* Problem requirements
If a line in the records contains the string "photo", show that line.

* Exercise input
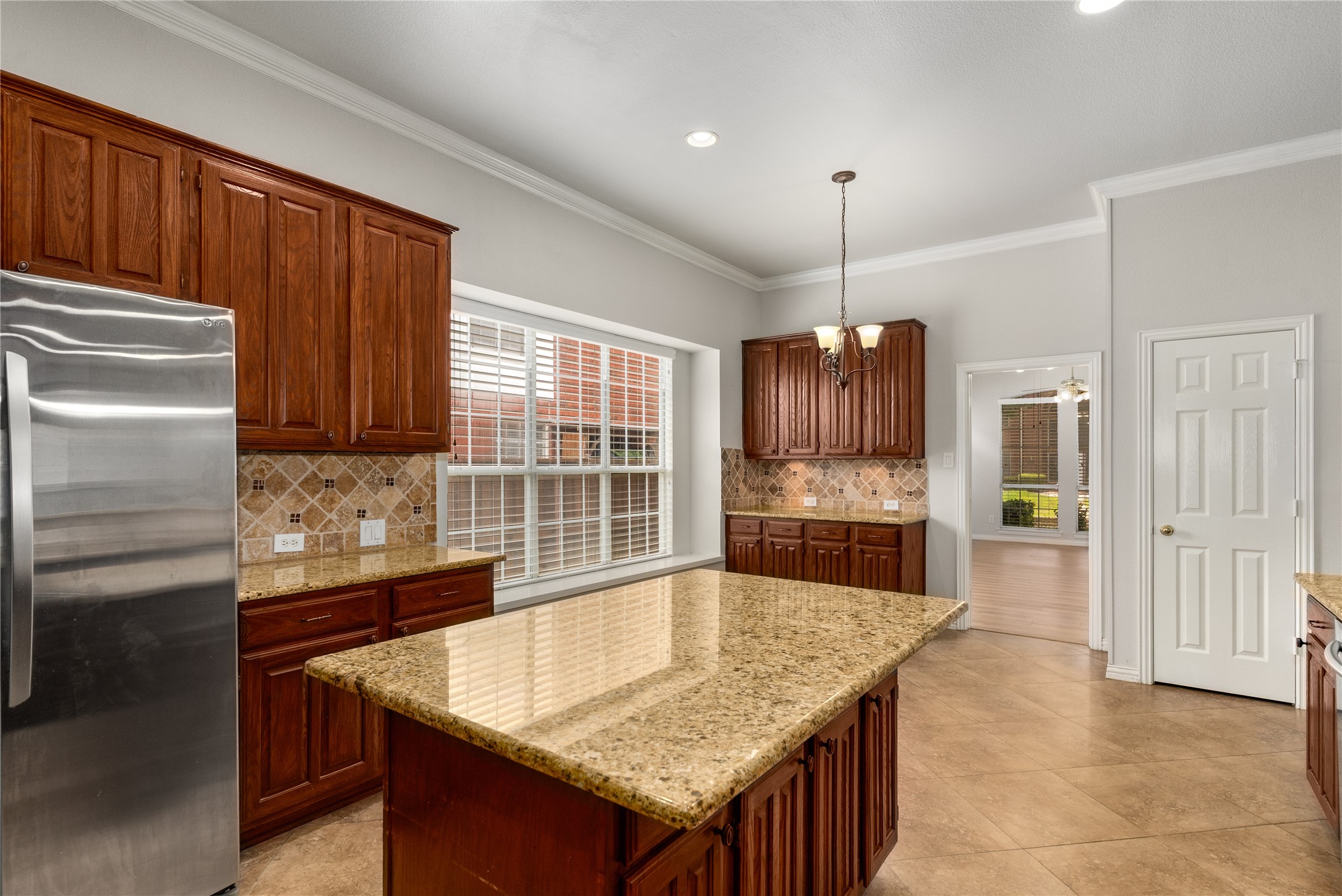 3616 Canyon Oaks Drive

--

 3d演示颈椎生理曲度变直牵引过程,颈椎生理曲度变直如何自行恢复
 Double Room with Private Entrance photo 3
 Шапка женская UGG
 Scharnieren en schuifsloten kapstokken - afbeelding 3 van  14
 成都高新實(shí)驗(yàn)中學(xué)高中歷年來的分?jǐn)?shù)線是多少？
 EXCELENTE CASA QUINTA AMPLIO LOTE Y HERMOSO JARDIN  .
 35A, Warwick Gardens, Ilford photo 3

* Result
 Double Room with Private Entrance photo 3
 35A, Warwick Gardens, Ilford photo 3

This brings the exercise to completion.